La experiencia gastronómica se completa con el nuevo postre piña & coco Sublime, con mousse, helado, bizcocho y tepache, además de algunos de los platos ya emblemáticos de la casa, como las croquetas de jamón ibérico, la sopa de cebolla homenaje a Bocuse con jugo de cebolla morada, chalota, brioche y gorgonzola, o el exquisito magnum de foie gras y brioche de tête.
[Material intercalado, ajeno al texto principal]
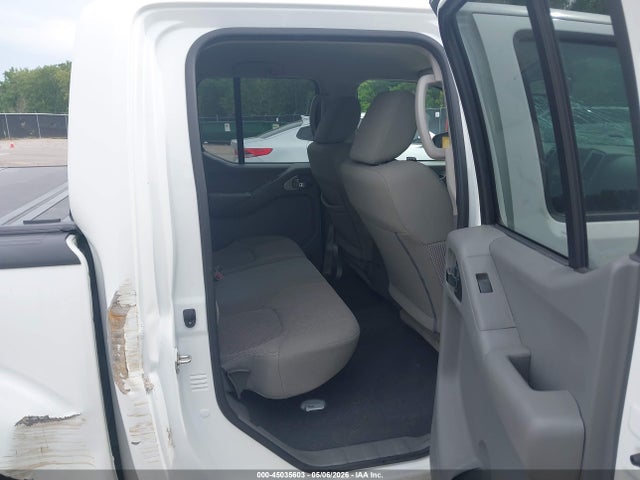 45035603 :رقم المزاد ، 1N6AD0EV1KN762818 vin ، 2019 Nissan Frontier Sv مزاد بيع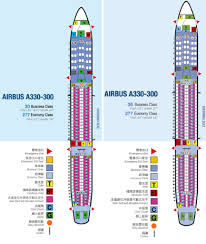 39 competent air transat a330 seating chart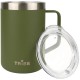 Термокружка Tribe Classic Mug 500 мл olive (T-FA-0033-olive)
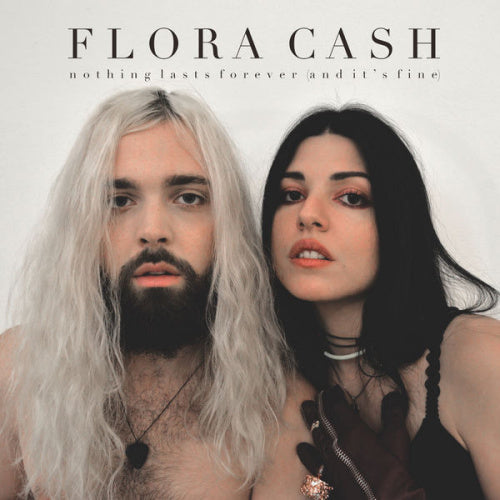Flora Cash - Nothing lasts forever.. (CD) - Velvet Music
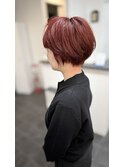 【堺市／浅香山】レット、マッシュショート
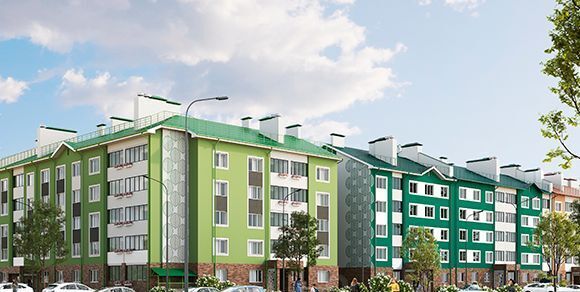 квартира г Тула р-н Привокзальный ул Героев России 6 фото 2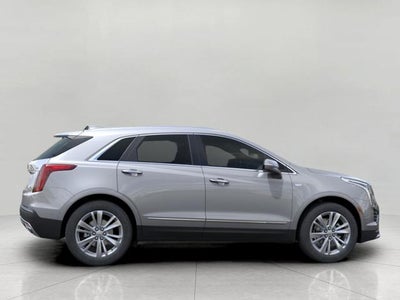 2026 Cadillac XT5 AWD 4dr Premium Luxury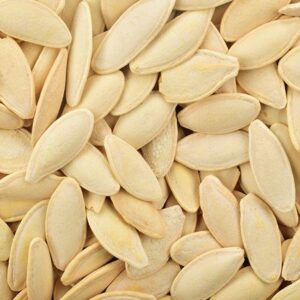 Kabak Çekirdek Beyaz Kavrulmuş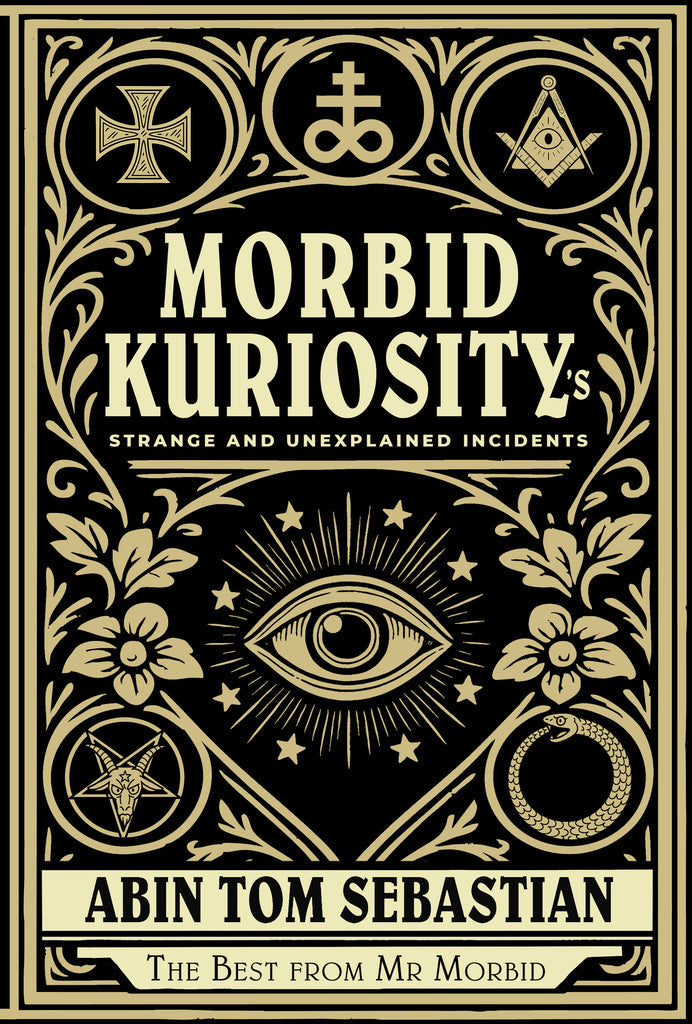 Sebastian, Abin Tom - Morbid Kuriosity's: Strange and Unexplained Incidents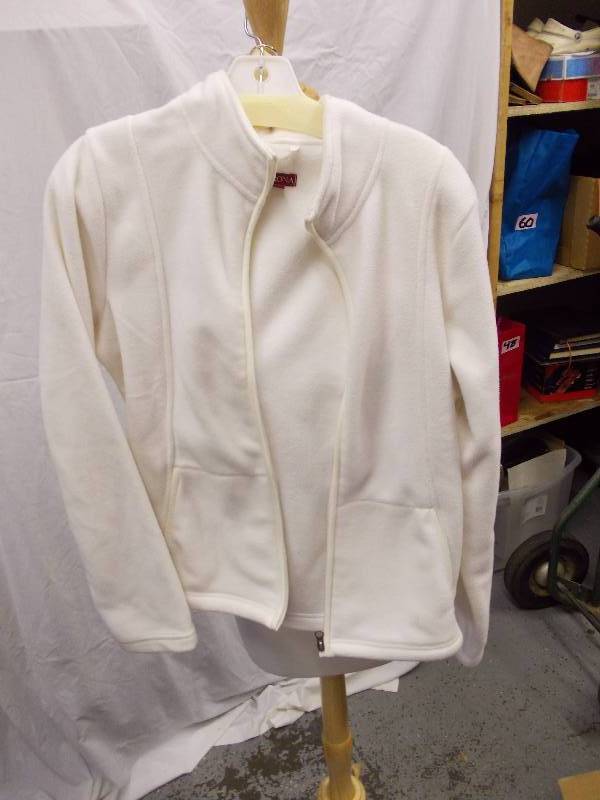 Fleece Jacket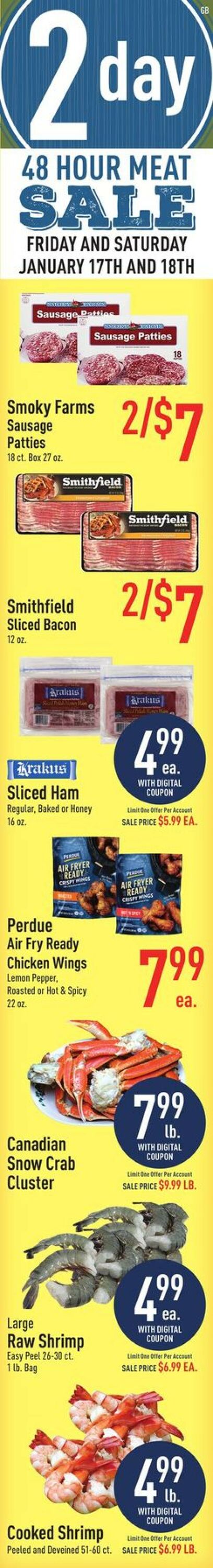 Catalogue Strack & Van Til from 01/15/2025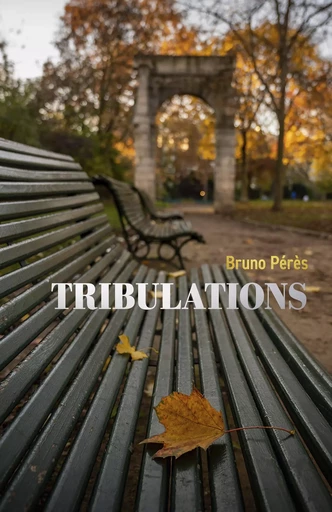 Tribulations - Bruno Pérès - Librinova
Compromiso con el territorio
Esta nueva carta, firmada por el joven chef Liván Valdés, al frente del restaurante madrileño y de su homónimo en Ibiza, nace del respeto profundo por el producto y el territorio, basada en una cocina que no busca deslumbrar con artificios, sino emocionar desde la honestidad, la técnica y la calidad. Inspirada en ingredientes de kilómetro cero y productos de máxima calidad, la propuesta se construye como una oda a la temporalidad y a esos sabores que solo existen cuando se sabe esperar.
Ejemplo de este compromiso con el producto local es el novísimo plato de cordero lechal de la histórica oveja negra de Colmenar. Criada desde hace cinco generaciones, esta raza garantiza un producto fresco y de máxima calidad, manteniendo viva una tradición alineada con el compromiso del restaurante con los productores locales. Sin duda, cada elaboración -con sutiles guiños a la tradición castiza-, refleja una visión clara de la alta gastronomía contemporánea: innovadora, precisa y profundamente conectada con el origen.
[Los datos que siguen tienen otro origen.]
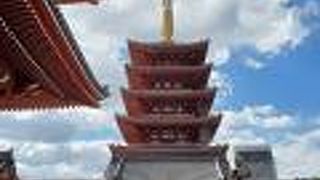 本殿近くにあります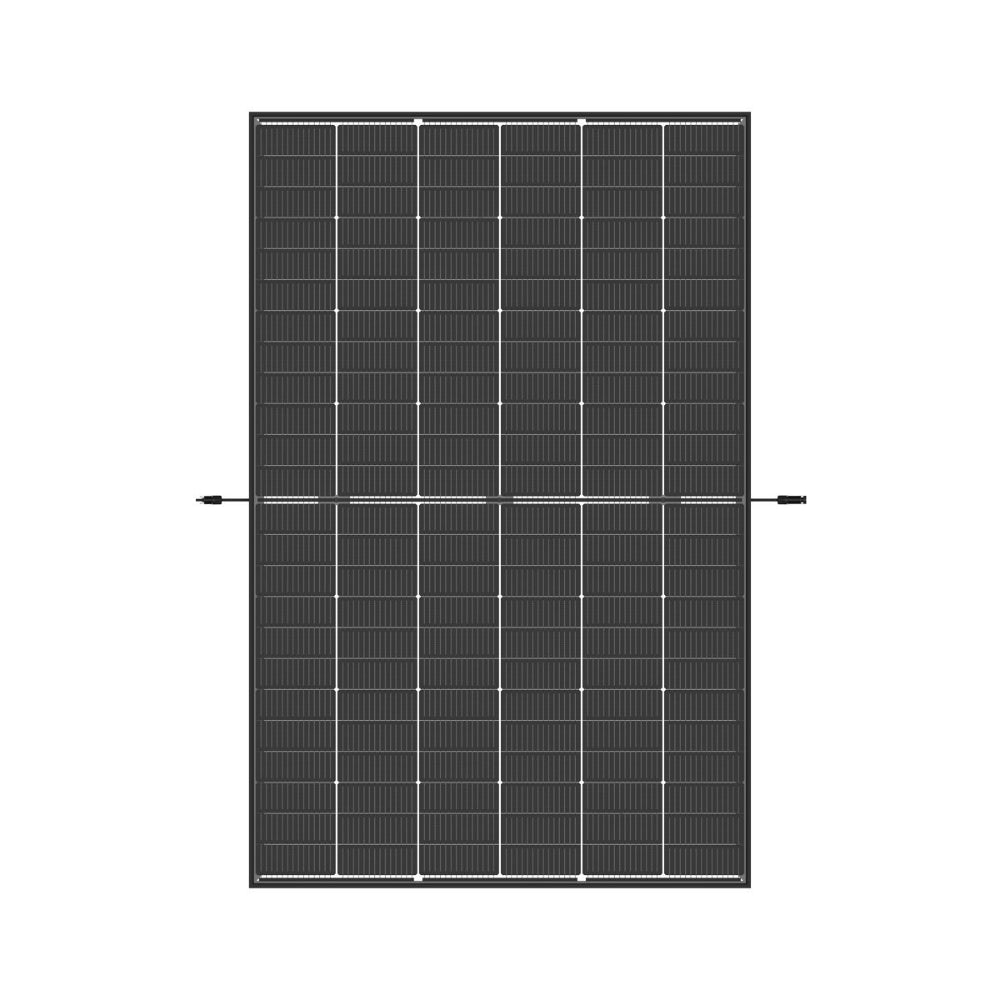 Trina Solar 435W Vertex S+ Glas-Glas Bifacial Black Frame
Así, y tras haber sido recomendado por la Guía Michelin en tan solo seis meses desde su apertura, Corsario Madrid apuesta ahora por consolidar su identidad con un objetivo firme: convertirse en un clásico de la gastronomía madrileña, de esos lugares que perduran y se recuerdan.
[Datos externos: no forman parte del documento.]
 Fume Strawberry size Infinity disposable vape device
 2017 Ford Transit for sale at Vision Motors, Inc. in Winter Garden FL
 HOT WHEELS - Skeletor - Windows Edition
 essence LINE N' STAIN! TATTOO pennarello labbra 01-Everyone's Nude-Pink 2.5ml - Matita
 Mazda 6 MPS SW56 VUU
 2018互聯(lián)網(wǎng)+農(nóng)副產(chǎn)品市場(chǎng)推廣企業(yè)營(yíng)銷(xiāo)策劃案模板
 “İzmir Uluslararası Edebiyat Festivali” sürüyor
En palabras del chef Liván Valdés: “Huimos del espectáculo para centrarnos en lo esencial: buena comida y un servicio al detalle para crear recuerdos bonitos alrededor de la mesa. Trabajamos día a día para hacer una cocina con alma, pensada para disfrutarse sin prisas y para volver”.
Con esta nueva carta, el equipo de Corsario Madrid pone en valor la manera de entender la gastronomía: con respeto absoluto por el producto, atención al origen y una cocina que se expresa con honestidad y precisión.
Horarios:
De martes a sábado, de 13:00 a 00:00 horas.